• [Task instructions]: Would you transcribe the listing that follows word for word, skipping pictures?

• [Dataset excerpt]:
══════════════════════════════
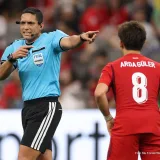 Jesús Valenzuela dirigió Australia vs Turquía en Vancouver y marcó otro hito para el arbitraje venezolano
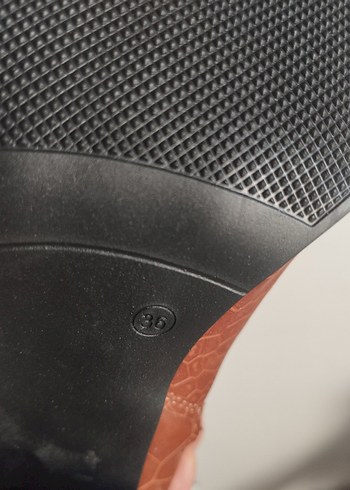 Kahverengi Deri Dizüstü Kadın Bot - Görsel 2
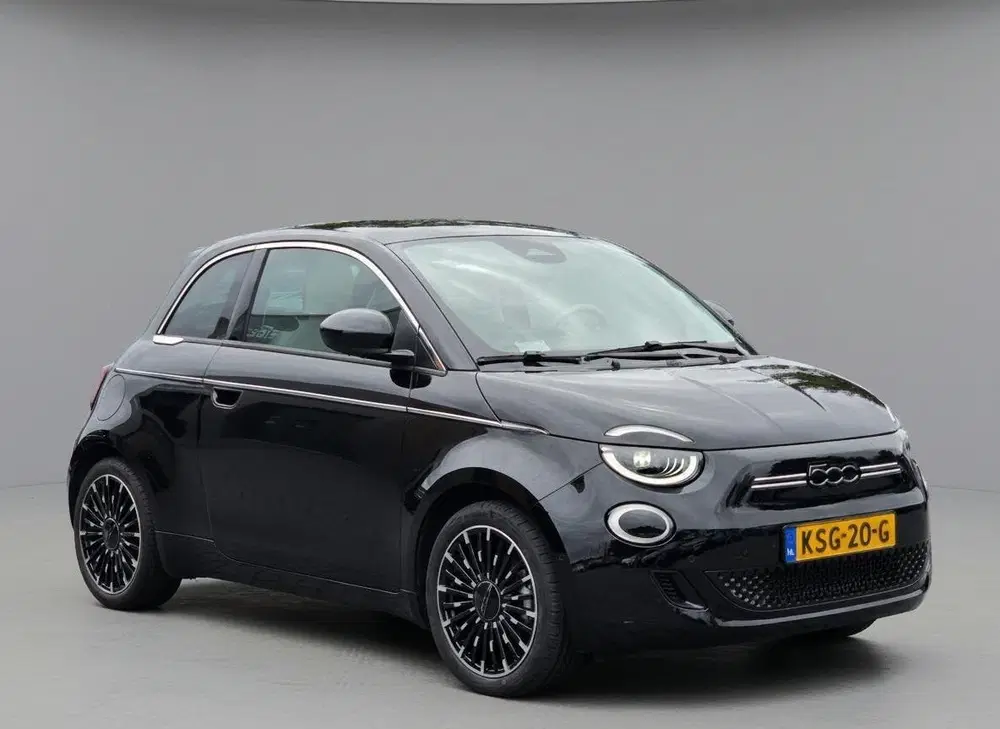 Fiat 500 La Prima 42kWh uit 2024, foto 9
══════════════════════════════
• [Solution]:
 Jesús Valenzuela dirigió Australia vs Turquía en Vancouver y marcó otro hito para el arbitraje venezolano
 Kahverengi Deri Dizüstü Kadın Bot - Görsel 2
 Fiat 500 La Prima 42kWh uit 2024, foto 9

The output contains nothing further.